Las palabras salieron de la boca de Arnold a trompicones. No quería parar de hablar, no sabía si luego iba a tener el valor de contarle todo a Ingrid. Así que habló y habló hasta que se quedó sin saliva. Y acto seguido, bajó la mirada.
Ingrid acercó su mano y le levantó la barbilla, como haría una madre a un niño travieso. O bien para besarle o bien para reñirle. Pero le sonrió.
Amar es negociar permanentemente
Ingrid ya lo sabía. Había encontrado en una bolsa de deporte que Arnold había escondido en viejas cajas de mudanza, ataduras varias, ropa de cuero y una pequeña agenda telefónica. Y estaba esperando que su marido tomara la iniciativa de contárselo en un plazo razonable.
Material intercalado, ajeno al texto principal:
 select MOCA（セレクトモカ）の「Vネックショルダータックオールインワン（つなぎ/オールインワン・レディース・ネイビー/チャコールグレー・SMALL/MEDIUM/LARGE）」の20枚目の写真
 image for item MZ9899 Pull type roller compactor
Y aquel día, Arnold lo había hecho. Por eso le sonreía.
–A mí, el BDSM no me va –le dijo suavemente Ingrid.
Arnold ya lo sabía porque, en una ocasión, preguntó su opinión sobre esta erótica. Ella fue categórica. No le gustaba.
Pero esa noche, ella entendió que muchas veces el amor entre dos personas surgía no por tener, como muchos piensan, los mismos gustos y compartir las mismas actividades, sino por odiar las mismas cosas. Odiaban ambos la mentira y el hacer daño al otro. Así que llegaron a un acuerdo.
–Desde entonces, voy «al teatro» cada quince días –me dijo Arnold, pícaro, mirando a mi amiga.
Le sonreí y le cogí la mano.
–¡Ah! Y por supuesto, Ingrid me compra ahora la ropa de cuero para mis sesiones. Dice que tengo un gusto pésimo en este sentido. Eso sí que nos pone a los dos.
Se levantó, recogió su bolsa de deporte y me dio un beso en la mejilla.
Fue la primera y última vez que me crucé con él.